Manusia sebagai makhluk individu, terdiri dari unsur jasmani
(raga) dan unsur rohani (jiwa) yang merupakan satu kesatuan.Manusia sebagai
makhluk sosial, sering di sebut zoon politicon, yaitu makhluk yang pada
dasarnya ingin bergaul dengan manusia yang lainnya (Aristoteles, 384-322 M)
2.
makna bangsa
Bangsa adalah komunitas etnik yang ciri-cirinya adalah,
memilki nama, wilayah tertentu, mitos leluhur bersama, kenangan bersama, satu
atau beberapa budaya yang sama dan solidaritas tertentu.
3.
makna
negara
Negara adalah organisasi yang di dalamnya ada rakyat,
wilayah yang permanen, dan pemerintahan yang berdaulat (baik ke dalam maupun ke
luar).Dalam arti luas negara merupakan kesauan sosial (masyarakat) yang di atur
secara konstusional untuk mewujudkan kepentingan bersama.
B.
Perkembangan penduduk di dunia
jumlah
penduduk pada suatu negara selalu mengalami perubahan yang disebabkan oleh
faktor kelahiran, kematian dan migrasi atau perpindahan penduduk. Perubahan keadaan
penduduk tersebut dinamakan dinamika penduduk. Dinamika atau perubahan penduduk
cenderung kepada pertumbuhan. Pertumbuhan penduduk ialah perkembangan jumlah
penduduk suatu daerah atau negara.
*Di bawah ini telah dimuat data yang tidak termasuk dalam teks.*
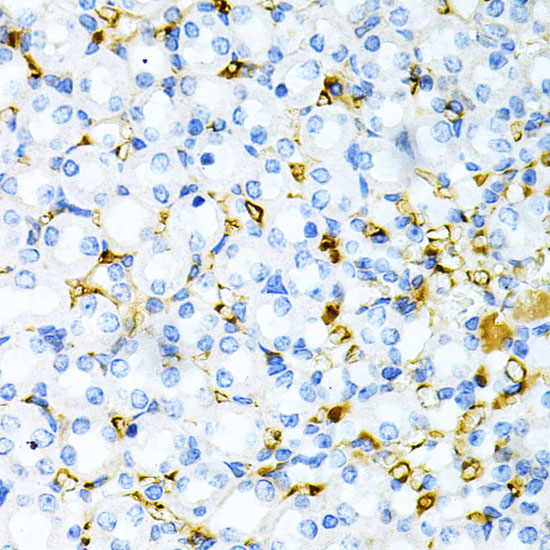 TAPBP Rabbit polyclonal antibody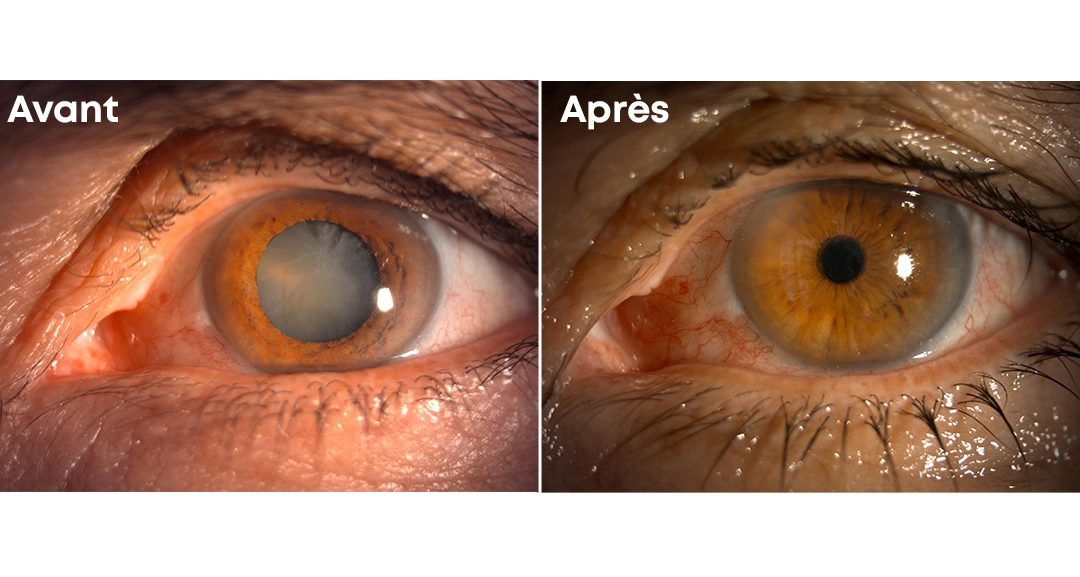 Photo avant et après une opération de la cataracte au cabinet du Dr Soukaina Boussena à Tanger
Jumlah penduduk suatu negara dapat diketahui
melalui sensus, registrasi dan survei penduduk. Jumlah penduduk Indonesia sejak
sensus pertama sampai dengan sensus terakhir jumlahnya terus bertambah. Sensus
pertama dilaksanakan pada tahun 1930 oleh pemerintah Hindia Belanda. Sedangkan
sensus yang pernah dilakukan oleh pemerintah Indonesia adalah pada tahun 1961,
1971, 1980, 1990 dan yang terakhir 2000. Sensus di Indonesia dilaksanakan oleh
Badan Pusat Statistik (BPS) dan waktu pelaksanaan sensus di Indonesia diadakan
sepuluh tahun sekali. Berikut ini merupakan jumlah penduduk Indonesia
berdasarkan sensus tahun 1930 – 2000.
Berdasarkan
data sensus di atas dapat dilihat bahwa perkembangan jumlah penduduk di
Indonesia selalu mengalami peningkatan. Peningkatan perkembangan jumlah
penduduk tersebut tidak hanya terjadi di negara Indonesia. Perkembangan
penduduk juga terjadi di negara-negara lain. Berikut ini meruakan penjelasan
mengenai perbandingan jumlah, kepadatan dan laju penduduk Indonesia dengan
beberapa negara lain.
Dalam hal jumlah penduduk, Indonesia
menempati urutan pertama di negara ASEAN. Berdasarkan pada aspek kepadatan
penduduknya, indonesia menempati urutan ke lima, yaitu 114 jiwa per km2.
Kepadatan penduduk tertinggi di negara-negara ASEAN ditempati oleh negara
Singapura, sedangkan kepadatan penduduk terendah ditempati oleh negara Brunei
Darussalam. Sedangkan pada tahun 2005, laju pertumbuhan penduduk di Indoesia
menenpati posisi ke enam (1,45% per tahun), setelah Laos (2,3% per tahun)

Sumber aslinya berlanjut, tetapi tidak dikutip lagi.